In July of this year, amid revelations of widespread lawbreaking by Britain’s newspapers, the government felt it necessary to launch an inquiry into “the culture, practices, and ethics of the press” in general, and the conduct of News International in particular.

The judge appointed to lead this inquiry, Lord Justice Leveson, has made it clear that he wants to address some profound questions about the relationship between the media, the political establishment, and the wider society. In his statement on the launch of the inquiry, Leveson noted that “there needs to be a discussion of what amounts to the public good, to what extent the public interest should be taken into account and by whom”. On the first day of hearings, he said that “the press provides an essential check on all aspects of public life. That is why any failure within the media affects all of us. At the heart of this inquiry, therefore, may be one simple question: who guards the guardians?” So Leveson is aware that the media are constitutionally significant, in the sense that their performance affects every other significant institution and social arrangement.
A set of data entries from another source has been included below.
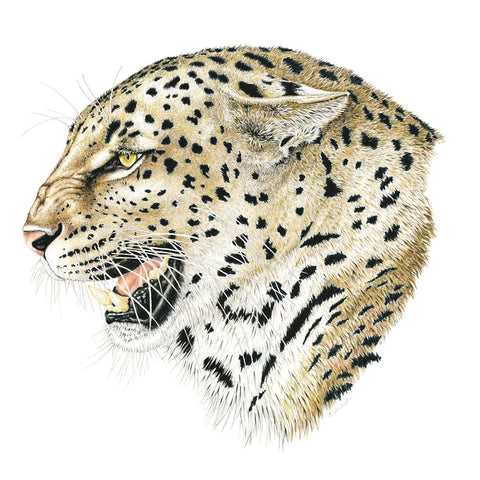 Leopard Profile Limited-Edition Print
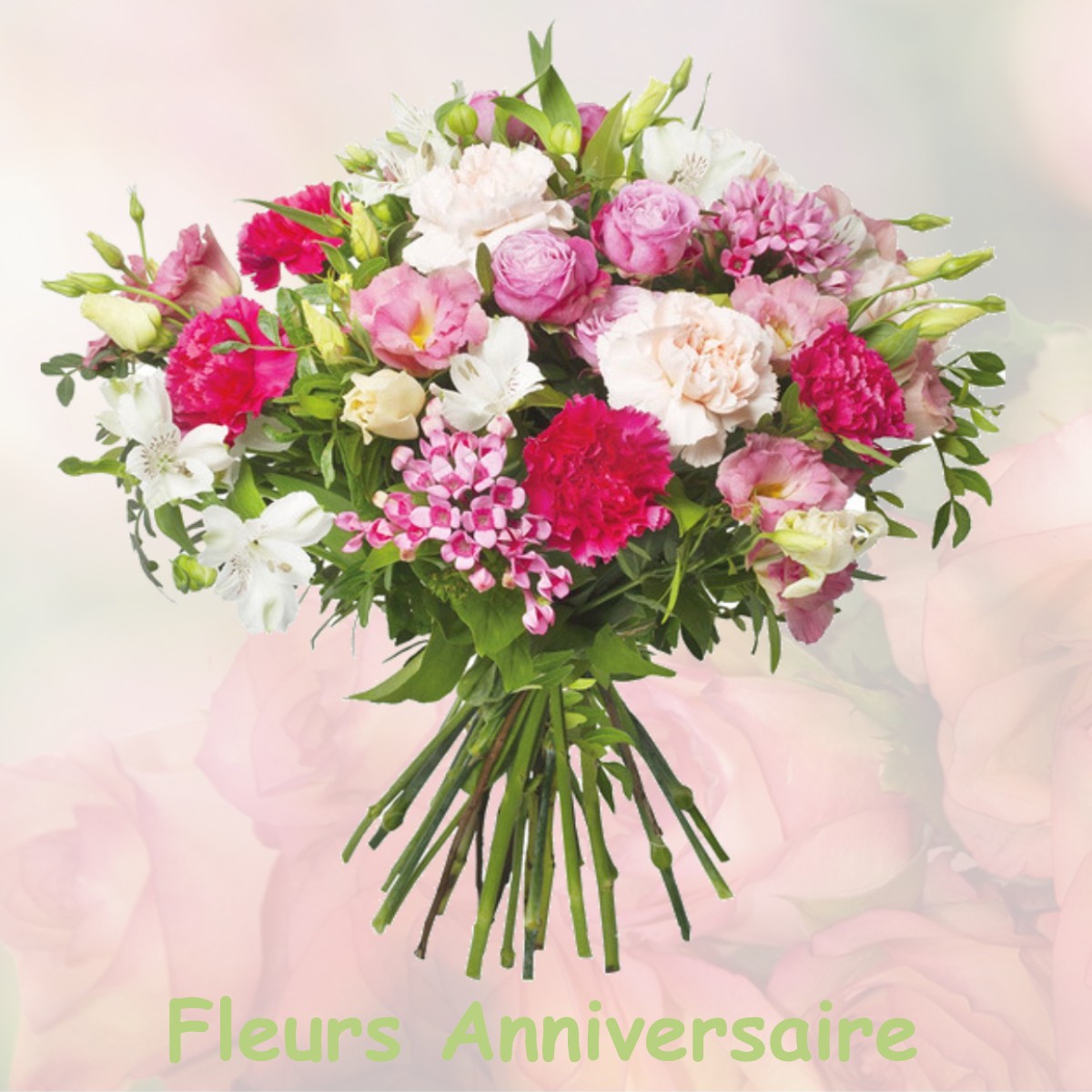 fleurs anniversaire MAILLANE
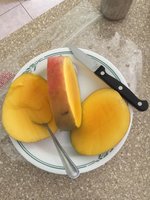Mango fruit.jpg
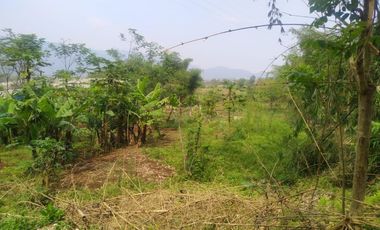 TANAH KEBUN X TERNAKAN AYAM@ BATUJAJAR COCOK BUAT PERUMAHAN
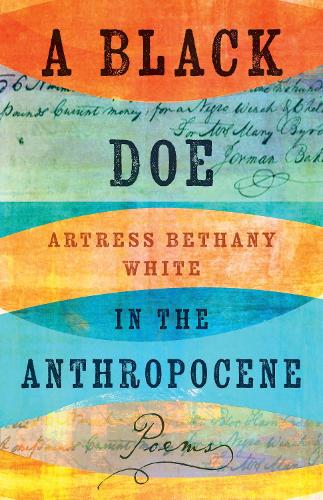 A Black Doe in the Anthropocene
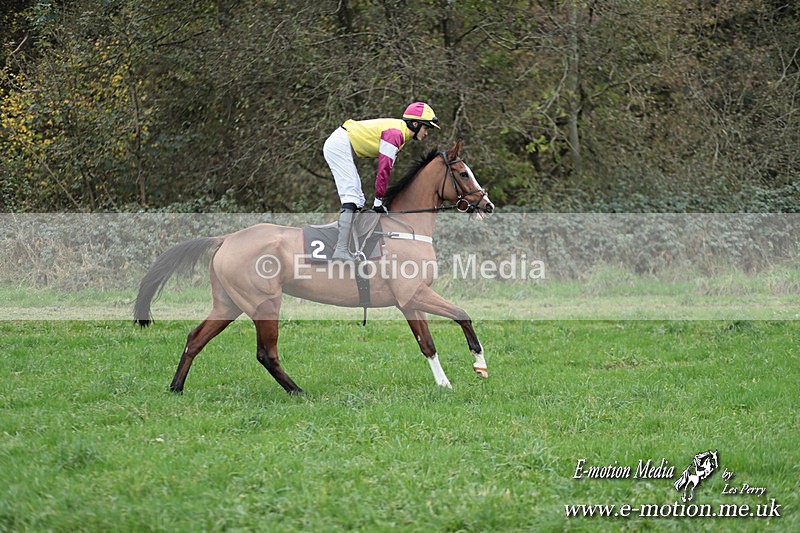 PtP 091124  203 - Knightwick Races Point-to-Point 09/11/24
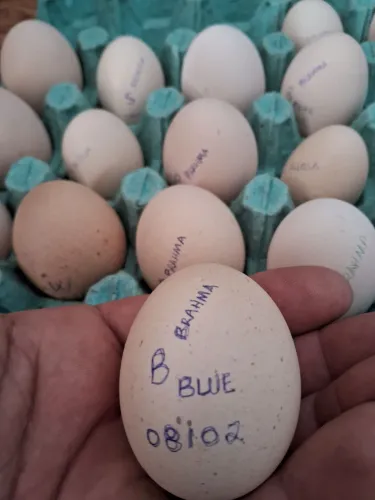 Ovos de Galinha Brahma Excelente Genética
In November the Leveson Inquiry began taking evidence from witnesses. Much of what has been said so far will be familiar to those who have read about the unfolding scandal at News International. But there are already some important lessons we can learn from the way that the major media in Britain have covered the proceedings.

The national newspapers and broadcasters together can decide which elements of the inquiry are newsworthy. They have already been extremely successful in shaping coverage in ways that suit them. They have given plenty of airtime and column inches to the various famous people who have given evidence, for example. So much so that one newspaper has gone on to publish complaints from a victim of hacking that the proceedings have been “hijacked by celebrities“.

More than that, the media can decide which proposals for reform are, as the saying goes, “ready for prime time”. The climate of comment and opinion that surrounds Leveson concentrates on quite narrow questions of press regulation. The unwary viewer or reader might easily conclude that the media have become somewhat too intrusive and that a difficult balance will now have to be struck between the need for a rowdy, fearless press and the need to rein in its occasional excesses.

Commentators have paid much less attention to the questions Leveson considers to be central. The media don’t want to host a discussion that is framed in constitutional terms. They don’t want their audiences to think too hard about what is meant by “the public interest” and they are frantic to ensure that any debate about checks and balances leaves their privileges unnoticed and intact.

Over the months ahead the media will tend to concentrate on those elements of the inquiry that suit them. They will maintain their usual silence about their place in the structures of economic and political power. The fact that a significant proportion of the newspaper industry was able to act illegally for years without fear of prosecution will be pushed to the margins. An argument about whether the Press Complaints Commission should be reformed or replaced will take centre stage.

The reporting on Leveson has a paradoxical quality. Although the inquiry was launched in the face of accumulating evidence of criminality and systemic wrongdoing in the mass media, the mass media retain a privileged position between the inquiry and the general population.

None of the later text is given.